Because telling teens not to do it does work. Slightly. It also leads to the same teens doing other stuff and justifying it.

But teaching kids how to have safe sex leads to safer sex.

This isn’t something that purity of ideology is going to help us. Statistics don’t bear it out. We have to choose.

If abstinence is more important than health, then we’re totally winning. But if we want both, then we have to put way more work into this thing than to say “don’t do it.”

We have to talk about relationships and expectations and what love looks like.

We have to stop calling something bad and horrible, but save it for when you’re married. Because that’s how you show you love them. With a terrible thing. Only now it’s awesome. Who are we fooling?

The double-talk is no better in leading our kids to healthy sexual lives than letting them learn about sex from their peers and the internet.

Let’s also admit that sex is good.

Sex is intimate and powerful. It connects us and brings two people into a place of unity like nothing else, complete with chemical euphoria.

Healthy sex involves mutual vulnerability. Jesus doesn’t encourage his followers to see themselves as hard warriors going into battle. He teaches them to be open peacemakers who build community. He teaches them to be vulnerable in the building of intimacy with others. How can that not apply here?

It forces us to let go. Our egos are in such control of our lives. And yet in the midst of sex, we are not only vulnerable, but less aware, less capable, and less in control of ourselves. And we have the opportunity to focus instead on someone else.

Speaking of focus, let’s move on to the second one.

2. Now Gender.

Real ongoing conversations about gender drive us to revisit old understandings and redevelop our ways of thinking about our roles in community.

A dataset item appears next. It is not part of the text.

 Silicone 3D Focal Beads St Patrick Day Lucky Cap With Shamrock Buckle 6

And we’ve been at this for decades.

The scientific, mental health, and activist communities have led us to new territory. How we understand gender has changed dramatically over the last half century. And many of our churches have struggled to be authentic to how we understand the changing nature of gender and how we see it expressed in Scripture.

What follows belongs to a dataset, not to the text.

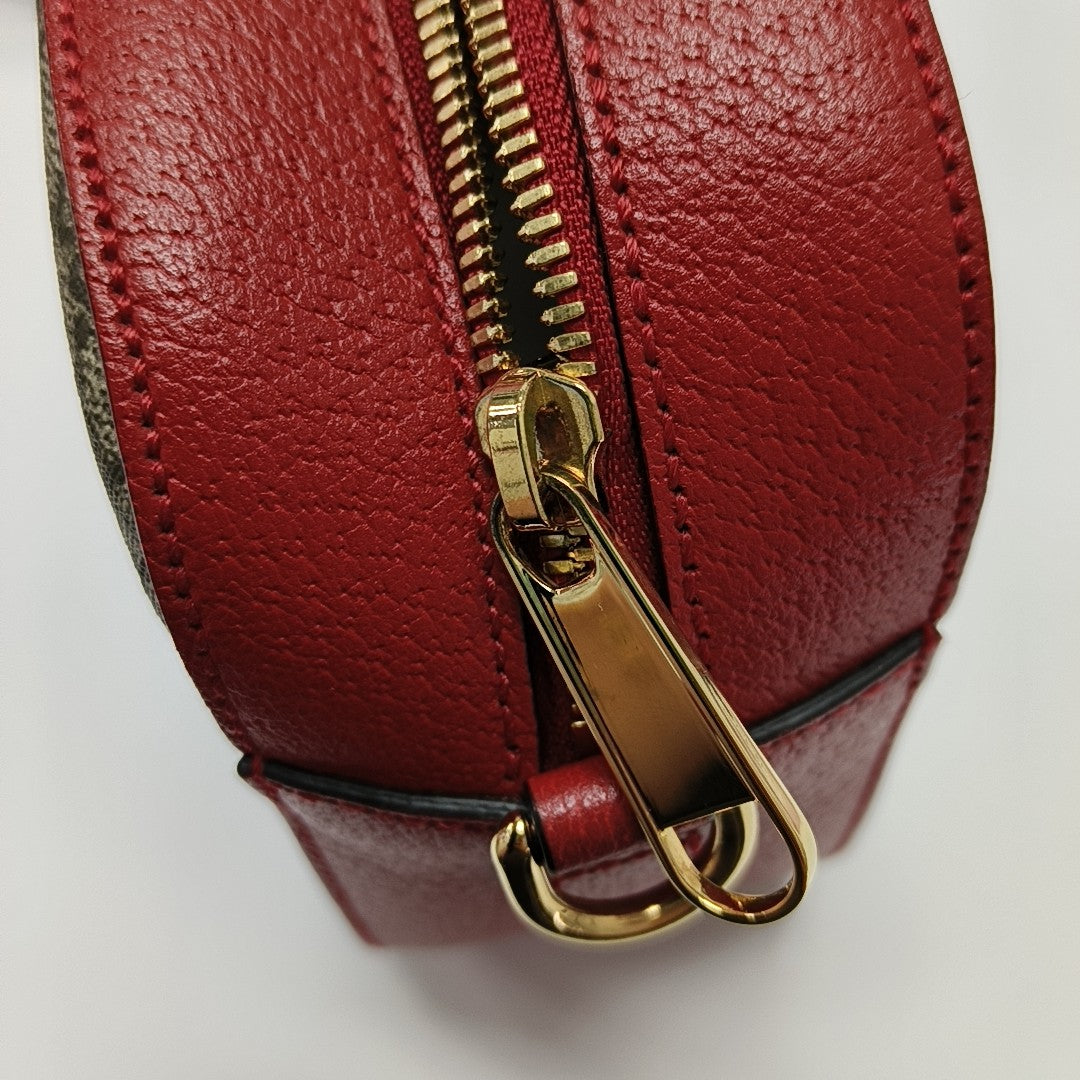 GG Supreme Small Monogram Coated Canvas Red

We haven’t always chosen well.

We’re at a time in which we have the opportunity to learn and make new discoveries. To research and reason and pray and discern.

And to respect all creation without scare quotes.

Which means faithful respect found in men and women and for those who don’t exist in such binary terms. It also means dudes can cook and do laundry and women can be breadwinners. And we can get down with sharing responsibility for all the chores none of us want to do in the first place.

And get our minds out of bathrooms and pushing for laws about who gets to use them.

3. The Culture War.

Screw it. It’s fiction. Made up. The ridiculous fantasy of binary minds who want everything to fit neat and tidy into liberal and conservative boxes.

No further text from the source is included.